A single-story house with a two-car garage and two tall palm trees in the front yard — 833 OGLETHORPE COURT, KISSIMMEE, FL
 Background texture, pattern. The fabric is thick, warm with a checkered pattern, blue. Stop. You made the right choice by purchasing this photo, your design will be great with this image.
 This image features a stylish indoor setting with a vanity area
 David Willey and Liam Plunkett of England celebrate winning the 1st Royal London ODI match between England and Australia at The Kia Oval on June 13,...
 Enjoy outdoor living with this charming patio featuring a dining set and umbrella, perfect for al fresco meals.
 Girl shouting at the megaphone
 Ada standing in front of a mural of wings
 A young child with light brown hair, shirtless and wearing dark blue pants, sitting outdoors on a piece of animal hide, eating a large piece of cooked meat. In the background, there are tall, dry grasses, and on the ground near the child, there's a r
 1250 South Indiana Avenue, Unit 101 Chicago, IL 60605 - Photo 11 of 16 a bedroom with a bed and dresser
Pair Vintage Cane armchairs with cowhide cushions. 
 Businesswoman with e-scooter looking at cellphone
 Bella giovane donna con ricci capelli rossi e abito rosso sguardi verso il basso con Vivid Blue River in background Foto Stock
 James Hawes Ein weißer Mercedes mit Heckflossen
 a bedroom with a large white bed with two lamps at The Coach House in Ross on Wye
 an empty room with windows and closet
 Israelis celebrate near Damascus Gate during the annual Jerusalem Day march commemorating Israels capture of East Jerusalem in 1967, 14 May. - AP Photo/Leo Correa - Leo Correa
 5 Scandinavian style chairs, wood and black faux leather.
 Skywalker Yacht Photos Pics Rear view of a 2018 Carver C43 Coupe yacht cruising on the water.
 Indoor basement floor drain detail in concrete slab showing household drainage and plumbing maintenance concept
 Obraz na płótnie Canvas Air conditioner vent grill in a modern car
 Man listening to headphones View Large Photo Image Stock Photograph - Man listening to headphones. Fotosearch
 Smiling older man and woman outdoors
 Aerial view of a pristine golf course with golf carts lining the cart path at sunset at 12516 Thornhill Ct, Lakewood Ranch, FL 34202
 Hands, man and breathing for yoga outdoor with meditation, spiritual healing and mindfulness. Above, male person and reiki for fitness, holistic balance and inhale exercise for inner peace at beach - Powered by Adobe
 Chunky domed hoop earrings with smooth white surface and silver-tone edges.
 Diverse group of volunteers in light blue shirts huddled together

> **Goal of the exercise**
The complete data above is to be written out again as it stands.

> **Result of the task**
A single-story house with a two-car garage and two tall palm trees in the front yard — 833 OGLETHORPE COURT, KISSIMMEE, FL
 Background texture, pattern. The fabric is thick, warm with a checkered pattern, blue. Stop. You made the right choice by purchasing this photo, your design will be great with this image.
 This image features a stylish indoor setting with a vanity area
 David Willey and Liam Plunkett of England celebrate winning the 1st Royal London ODI match between England and Australia at The Kia Oval on June 13,...
 Enjoy outdoor living with this charming patio featuring a dining set and umbrella, perfect for al fresco meals.
 Girl shouting at the megaphone
 Ada standing in front of a mural of wings
 A young child with light brown hair, shirtless and wearing dark blue pants, sitting outdoors on a piece of animal hide, eating a large piece of cooked meat. In the background, there are tall, dry grasses, and on the ground near the child, there's a r
 1250 South Indiana Avenue, Unit 101 Chicago, IL 60605 - Photo 11 of 16 a bedroom with a bed and dresser
Pair Vintage Cane armchairs with cowhide cushions. 
 Businesswoman with e-scooter looking at cellphone
 Bella giovane donna con ricci capelli rossi e abito rosso sguardi verso il basso con Vivid Blue River in background Foto Stock
 James Hawes Ein weißer Mercedes mit Heckflossen
 a bedroom with a large white bed with two lamps at The Coach House in Ross on Wye
 an empty room with windows and closet
 Israelis celebrate near Damascus Gate during the annual Jerusalem Day march commemorating Israels capture of East Jerusalem in 1967, 14 May. - AP Photo/Leo Correa - Leo Correa
 5 Scandinavian style chairs, wood and black faux leather.
 Skywalker Yacht Photos Pics Rear view of a 2018 Carver C43 Coupe yacht cruising on the water.
 Indoor basement floor drain detail in concrete slab showing household drainage and plumbing maintenance concept
 Obraz na płótnie Canvas Air conditioner vent grill in a modern car
 Man listening to headphones View Large Photo Image Stock Photograph - Man listening to headphones. Fotosearch
 Smiling older man and woman outdoors
 Aerial view of a pristine golf course with golf carts lining the cart path at sunset at 12516 Thornhill Ct, Lakewood Ranch, FL 34202
 Hands, man and breathing for yoga outdoor with meditation, spiritual healing and mindfulness. Above, male person and reiki for fitness, holistic balance and inhale exercise for inner peace at beach - Powered by Adobe
 Chunky domed hoop earrings with smooth white surface and silver-tone edges.
 Diverse group of volunteers in light blue shirts huddled together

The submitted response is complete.